Synchronous versus Asynchronous threads/blocks

I have run some experiments for Synchronous and Asynchronous computations with dummy operations. Can you please get any idea why it shows unexpected behavior?

SJ-AJ: should not be negative.
SJ: synchronous
AJ: asynchronous

I found following results:

Case 1: only first thread of first block will do the computations
global void dummy(int goalVal, int *Ain, int *Aout, float *in, float *out, int n)
{

    for(int i=0; i < MAX_ITER; i++){
            float result = 0.0;
            if(blockIdx.x == 0){
                    if(threadIdx.x == 0){
                            for(int j=0; j < n; j++){
                                    for(int i=0; i < n; i++){
                                            result += in[i];
                                            result *= in[i];
                                            result -= in[i];
                                    }
                                    out[j] = result;
                            }
                    }
            }
          __gpu_sync(i+1, i+1, Ain, Aout);
    }

}

Results:
#Blocks = 128
N SJ AJ SJ-AJ
2 0.296896 0.25088 0.046016
4 0.52256 0.430016 0.092544
8 1.456 1.35696 0.09904
16 4.967968 4.90512 0.062848
32 18.72784 18.77392 -0.04608
64 73.10294 73.31844 -0.21549
128 284.7325 288.0857 -3.35312
256 1132.916 1151.862 -18.9462
512 4534.985 4584.027 -49.0415
1024 18015.97 18304.48 -288.512

Case 2: All threads will do the computations
global void dummy(int goalVal, int *Ain, int *Aout, float *in, float *out, int n)
{
int tx = threadIdx.x;

    for(int i=0; i < MAX_ITER; i++){
            float result = 0.0;
            for(int j=tx; j < n; j+=blockDim.x){
                    for(int i=0; i < n; i++){
                            result += in[i];
                            result *= in[i];
                            result -= in[i];
                    }
                    out[j] = result;
            }
          __gpu_sync(i+1, i+1, Ain, Aout);
    }

}

Results:
#Blocks = 128
N SJ AJ SJ-AJ
2 0.264864 0.183168 0.081696
4 0.309792 0.17072 0.139072
8 0.375968 0.23776 0.138208
16 0.51632 0.380864 0.135456
32 0.806944 0.687392 0.119552
64 2.309824 1.301312 1.008512
128 6.785312 2.610272 4.17504
256 14.73555 9.168864 5.566688
512 40.94973 35.81248 5.137245
1024 148.5331 142.7693 5.763779

you use variables with the same names within nested for loops; is this good practice…?

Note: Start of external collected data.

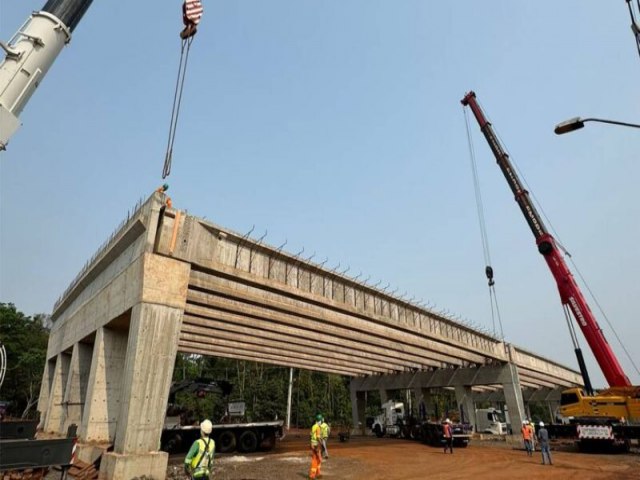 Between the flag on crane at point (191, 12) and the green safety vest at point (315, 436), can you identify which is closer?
the flag on crane at point (191, 12)

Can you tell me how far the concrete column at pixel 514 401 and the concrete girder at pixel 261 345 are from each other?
40.3ft

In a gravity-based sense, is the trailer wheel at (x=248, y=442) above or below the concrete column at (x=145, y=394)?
below

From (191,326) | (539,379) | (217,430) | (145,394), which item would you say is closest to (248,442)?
(217,430)

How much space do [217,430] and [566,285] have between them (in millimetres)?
19648

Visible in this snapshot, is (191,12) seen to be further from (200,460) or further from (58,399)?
(58,399)

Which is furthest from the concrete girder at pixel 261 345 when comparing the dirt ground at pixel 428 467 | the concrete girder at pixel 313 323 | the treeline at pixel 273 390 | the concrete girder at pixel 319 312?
the treeline at pixel 273 390

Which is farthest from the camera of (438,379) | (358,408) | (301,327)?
(358,408)

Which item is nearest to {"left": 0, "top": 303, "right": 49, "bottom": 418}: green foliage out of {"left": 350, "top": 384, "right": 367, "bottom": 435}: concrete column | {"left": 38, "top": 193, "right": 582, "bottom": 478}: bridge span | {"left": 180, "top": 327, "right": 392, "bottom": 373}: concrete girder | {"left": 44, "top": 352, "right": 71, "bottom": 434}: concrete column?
{"left": 38, "top": 193, "right": 582, "bottom": 478}: bridge span

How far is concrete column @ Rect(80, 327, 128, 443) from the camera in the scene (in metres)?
13.9

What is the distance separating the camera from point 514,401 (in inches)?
1248

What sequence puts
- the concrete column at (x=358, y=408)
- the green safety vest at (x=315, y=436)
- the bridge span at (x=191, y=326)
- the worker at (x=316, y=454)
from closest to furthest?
the bridge span at (x=191, y=326), the worker at (x=316, y=454), the green safety vest at (x=315, y=436), the concrete column at (x=358, y=408)

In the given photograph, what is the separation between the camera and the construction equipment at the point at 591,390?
67.5 ft

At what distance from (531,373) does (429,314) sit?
72.2ft

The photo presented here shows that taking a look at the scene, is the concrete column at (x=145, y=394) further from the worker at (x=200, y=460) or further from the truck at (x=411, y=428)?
the truck at (x=411, y=428) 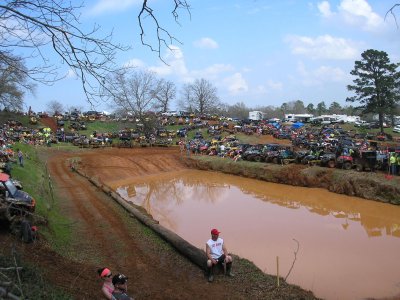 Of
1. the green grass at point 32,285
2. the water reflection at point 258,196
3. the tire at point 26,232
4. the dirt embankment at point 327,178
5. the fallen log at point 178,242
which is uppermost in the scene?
the green grass at point 32,285

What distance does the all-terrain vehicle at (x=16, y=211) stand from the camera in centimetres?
1028

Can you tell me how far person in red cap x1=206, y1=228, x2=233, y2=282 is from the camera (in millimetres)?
9602

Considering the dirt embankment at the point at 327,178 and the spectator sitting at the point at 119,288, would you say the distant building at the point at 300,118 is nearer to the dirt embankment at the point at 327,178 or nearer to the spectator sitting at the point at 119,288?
the dirt embankment at the point at 327,178

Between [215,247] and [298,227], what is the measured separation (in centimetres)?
933

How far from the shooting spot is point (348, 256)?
13.8 metres

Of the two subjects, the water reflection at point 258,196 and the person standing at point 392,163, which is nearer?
the water reflection at point 258,196

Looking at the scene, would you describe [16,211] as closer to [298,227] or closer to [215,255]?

for(int i=0; i < MAX_ITER; i++){
for(int i=0; i < n; i++){

Also, what exactly are you calculating? (a sum, …?)
Depending on what you are calculating, I doubt whether

for(int i=0; i < MAX_ITER; i++){
float result = 0.0;
for(int j=tx; j < n; j+=blockDim.x){
for(int i=0; i < n; i++){

is the parallel equivalent of:

if(blockIdx.x == 0){
if(threadIdx.x == 0){
for(int j=0; j < n; j++){
for(int i=0; i < n; i++){

just verify that it is

using different loop variables doesn’t make any difference.

I am calculating just threee dummy operations +,-,*.

In case one, I just want thread 0 or block 0 to proceed with the calculations, others should skip calculations that is why your proposed parallel version is not correct.